HMRC have produced a new TNRB form IHT217 for use with the IHT205.
What follows is an extract from the HMRC’s form IHT206 explanatory notes regarding the new process:
“Since 9 October 2007, it has been possible for spouses and civil partners to transfer their unused nil rate band. This means that any part of the nil rate band that was not used when the first spouse or civil partner died can be transferred to the surviving spouse or civil partner for use by their estate on their death.
New rules mean that if the whole of the nil rate band is available to transfer to the estate of the second spouse or civil partner to die and you need to claim the transferred nil rate band you may still use the excepted estates procedures if certain rules apply. These rules are that:
- the person who has died now, died on or after 6 April 2010.
- their spouse or civil partner who died before them died on or after 13 November 1974.
- when the spouse or civil partner died their estate did not use up all of the nil rate band available to it so the whole, or a proportion of, the nil rate band is available to transfer.
- the estate of the person who has died now is valued at less than two times.
- the excepted estate limit and IHT205(2006) is being filled in.
An example of when the whole of the nil rate band is available to transfer:
Ralph died leaving a widow, Rita. All of Ralph’s estate valued at £300,000 passed to Rita under the terms of Ralph’s will. As everything that passes to a surviving spouse or civil partner is exempt from Inheritance Tax, all of the nil rate band is available to transfer to Rita’s estate when she dies.

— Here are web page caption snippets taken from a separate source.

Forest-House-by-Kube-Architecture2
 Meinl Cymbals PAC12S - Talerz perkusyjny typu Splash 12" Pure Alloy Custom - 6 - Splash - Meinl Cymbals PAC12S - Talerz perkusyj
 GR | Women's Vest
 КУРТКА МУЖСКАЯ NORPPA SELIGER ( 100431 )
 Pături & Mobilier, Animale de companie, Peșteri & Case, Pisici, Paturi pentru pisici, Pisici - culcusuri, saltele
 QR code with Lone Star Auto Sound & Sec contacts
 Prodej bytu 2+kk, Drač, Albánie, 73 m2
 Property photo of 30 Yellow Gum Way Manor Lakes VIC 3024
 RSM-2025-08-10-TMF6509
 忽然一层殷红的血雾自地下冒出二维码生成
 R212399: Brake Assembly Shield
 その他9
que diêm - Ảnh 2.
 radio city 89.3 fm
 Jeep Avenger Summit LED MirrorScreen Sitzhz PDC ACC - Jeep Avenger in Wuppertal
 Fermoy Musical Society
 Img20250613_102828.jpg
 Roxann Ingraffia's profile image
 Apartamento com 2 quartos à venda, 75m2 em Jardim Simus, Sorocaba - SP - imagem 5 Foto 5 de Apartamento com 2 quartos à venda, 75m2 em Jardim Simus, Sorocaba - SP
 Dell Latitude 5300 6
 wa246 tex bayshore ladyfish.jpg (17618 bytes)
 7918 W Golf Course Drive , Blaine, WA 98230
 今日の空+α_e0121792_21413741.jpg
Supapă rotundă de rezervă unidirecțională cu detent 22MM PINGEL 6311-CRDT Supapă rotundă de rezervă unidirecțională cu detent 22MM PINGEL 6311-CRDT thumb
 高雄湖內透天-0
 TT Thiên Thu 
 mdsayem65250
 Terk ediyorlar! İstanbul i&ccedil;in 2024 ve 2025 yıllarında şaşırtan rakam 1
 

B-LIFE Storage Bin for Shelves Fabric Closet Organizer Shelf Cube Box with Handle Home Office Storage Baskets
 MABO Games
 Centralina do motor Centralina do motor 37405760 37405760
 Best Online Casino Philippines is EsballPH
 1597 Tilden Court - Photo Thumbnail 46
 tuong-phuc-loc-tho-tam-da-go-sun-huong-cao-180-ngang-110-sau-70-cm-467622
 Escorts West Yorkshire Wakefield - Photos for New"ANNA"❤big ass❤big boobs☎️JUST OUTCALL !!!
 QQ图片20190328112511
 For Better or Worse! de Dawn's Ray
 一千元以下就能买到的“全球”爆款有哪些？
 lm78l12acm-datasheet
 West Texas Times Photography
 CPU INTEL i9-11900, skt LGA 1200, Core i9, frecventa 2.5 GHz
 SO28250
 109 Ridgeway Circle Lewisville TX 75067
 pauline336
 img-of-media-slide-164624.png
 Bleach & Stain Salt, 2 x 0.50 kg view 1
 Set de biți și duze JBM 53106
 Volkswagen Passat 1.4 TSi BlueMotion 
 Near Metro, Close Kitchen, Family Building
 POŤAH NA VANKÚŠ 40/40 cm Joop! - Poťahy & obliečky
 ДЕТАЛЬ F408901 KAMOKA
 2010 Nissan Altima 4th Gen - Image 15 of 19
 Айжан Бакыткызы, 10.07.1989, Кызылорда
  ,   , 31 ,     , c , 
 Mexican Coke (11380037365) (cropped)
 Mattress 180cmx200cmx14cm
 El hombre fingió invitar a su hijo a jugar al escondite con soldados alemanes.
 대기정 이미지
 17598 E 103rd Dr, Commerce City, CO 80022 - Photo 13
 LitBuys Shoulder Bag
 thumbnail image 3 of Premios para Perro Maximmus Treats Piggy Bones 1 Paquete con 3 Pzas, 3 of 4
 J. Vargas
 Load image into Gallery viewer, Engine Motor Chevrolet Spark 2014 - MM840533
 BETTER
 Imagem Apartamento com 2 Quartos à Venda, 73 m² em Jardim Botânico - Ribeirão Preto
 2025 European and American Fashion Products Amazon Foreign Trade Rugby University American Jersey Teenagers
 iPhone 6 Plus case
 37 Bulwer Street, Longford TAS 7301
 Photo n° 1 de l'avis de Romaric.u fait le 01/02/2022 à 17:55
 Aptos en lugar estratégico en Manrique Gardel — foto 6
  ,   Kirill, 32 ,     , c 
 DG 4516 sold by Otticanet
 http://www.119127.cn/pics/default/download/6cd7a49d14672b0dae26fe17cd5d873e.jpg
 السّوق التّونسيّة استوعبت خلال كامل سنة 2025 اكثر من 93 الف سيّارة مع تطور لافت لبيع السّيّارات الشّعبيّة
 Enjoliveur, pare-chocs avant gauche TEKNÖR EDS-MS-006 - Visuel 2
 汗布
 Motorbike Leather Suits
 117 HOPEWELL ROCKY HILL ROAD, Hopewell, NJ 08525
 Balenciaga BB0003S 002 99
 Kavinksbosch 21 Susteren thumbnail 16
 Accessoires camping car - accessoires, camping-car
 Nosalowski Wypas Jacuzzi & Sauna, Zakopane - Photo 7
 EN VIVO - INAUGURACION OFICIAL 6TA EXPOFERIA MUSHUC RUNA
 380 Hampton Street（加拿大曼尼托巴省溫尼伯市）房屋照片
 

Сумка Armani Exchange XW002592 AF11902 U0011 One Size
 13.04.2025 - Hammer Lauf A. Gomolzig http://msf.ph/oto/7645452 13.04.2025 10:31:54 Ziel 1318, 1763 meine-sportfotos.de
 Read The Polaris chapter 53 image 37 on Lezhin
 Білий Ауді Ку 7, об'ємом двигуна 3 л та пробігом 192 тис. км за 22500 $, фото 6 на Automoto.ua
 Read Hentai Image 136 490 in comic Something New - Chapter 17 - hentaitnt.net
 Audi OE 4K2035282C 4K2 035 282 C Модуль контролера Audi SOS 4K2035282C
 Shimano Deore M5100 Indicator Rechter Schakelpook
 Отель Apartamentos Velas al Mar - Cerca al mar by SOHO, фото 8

If the whole of the nil rate band is available to transfer that means that the estate of the spouse or civil partner who dies second has double the nil rate band before any Inheritance Tax becomes payable.
It also means that the excepted estate limit for the estates that qualify is effectively doubled. For the tax year 2010-2011 this is £650,000.
If this applies to the estate you are dealing with you should fill in form IHT205(2006) and IHT217 to claim the transfer.”
When handling the new forms the Probate Registry will check only that the IHT205 is signed and that one of the options in the declaration on page 4 has been ticked.
If no option has been ticked your form will be returned.
If option two has been ticked you must file form IHT217 with the IHT205.
Should practitioners file an IHT205 with an IHT402 instead of the new IHT217 you will be asked to file the correct IHT217; they cannot be mixed.
Although the new IHT205 and IHT217 are accessible on the HMRC website I believe that they are also now available in hard copy via the HMRC helpline.